## WORK TO BE COMPLETED
Find the lines holding the string "Brown" in the data, then copy all of them.

INFORMATION SUPPLIED below:

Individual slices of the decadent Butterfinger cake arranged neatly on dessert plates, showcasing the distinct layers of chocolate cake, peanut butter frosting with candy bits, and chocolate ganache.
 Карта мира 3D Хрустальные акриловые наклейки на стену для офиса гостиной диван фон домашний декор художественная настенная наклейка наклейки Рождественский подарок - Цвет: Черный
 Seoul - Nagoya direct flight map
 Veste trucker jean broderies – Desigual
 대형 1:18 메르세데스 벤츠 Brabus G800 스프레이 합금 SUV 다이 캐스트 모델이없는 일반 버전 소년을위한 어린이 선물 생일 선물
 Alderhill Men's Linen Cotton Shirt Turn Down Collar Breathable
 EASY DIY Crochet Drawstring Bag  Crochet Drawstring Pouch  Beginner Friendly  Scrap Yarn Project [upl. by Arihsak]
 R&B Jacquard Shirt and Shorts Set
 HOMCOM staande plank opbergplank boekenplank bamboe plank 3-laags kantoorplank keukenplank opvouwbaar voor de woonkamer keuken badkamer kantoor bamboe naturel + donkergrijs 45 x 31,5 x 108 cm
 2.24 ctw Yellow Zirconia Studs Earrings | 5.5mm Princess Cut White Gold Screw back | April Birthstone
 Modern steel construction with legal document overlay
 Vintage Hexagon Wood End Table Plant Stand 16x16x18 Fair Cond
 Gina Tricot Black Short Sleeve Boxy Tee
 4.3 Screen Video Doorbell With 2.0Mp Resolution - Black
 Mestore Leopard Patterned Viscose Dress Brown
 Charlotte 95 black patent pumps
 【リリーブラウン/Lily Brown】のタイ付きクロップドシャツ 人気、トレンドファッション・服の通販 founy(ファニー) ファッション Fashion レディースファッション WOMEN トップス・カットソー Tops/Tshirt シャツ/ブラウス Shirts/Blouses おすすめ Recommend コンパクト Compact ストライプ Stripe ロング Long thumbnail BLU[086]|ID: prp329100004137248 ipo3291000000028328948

End of INFORMATION SUPPLIED.

## RESPONSE
 Mestore Leopard Patterned Viscose Dress Brown
 【リリーブラウン/Lily Brown】のタイ付きクロップドシャツ 人気、トレンドファッション・服の通販 founy(ファニー) ファッション Fashion レディースファッション WOMEN トップス・カットソー Tops/Tshirt シャツ/ブラウス Shirts/Blouses おすすめ Recommend コンパクト Compact ストライプ Stripe ロング Long thumbnail BLU[086]|ID: prp329100004137248 ipo3291000000028328948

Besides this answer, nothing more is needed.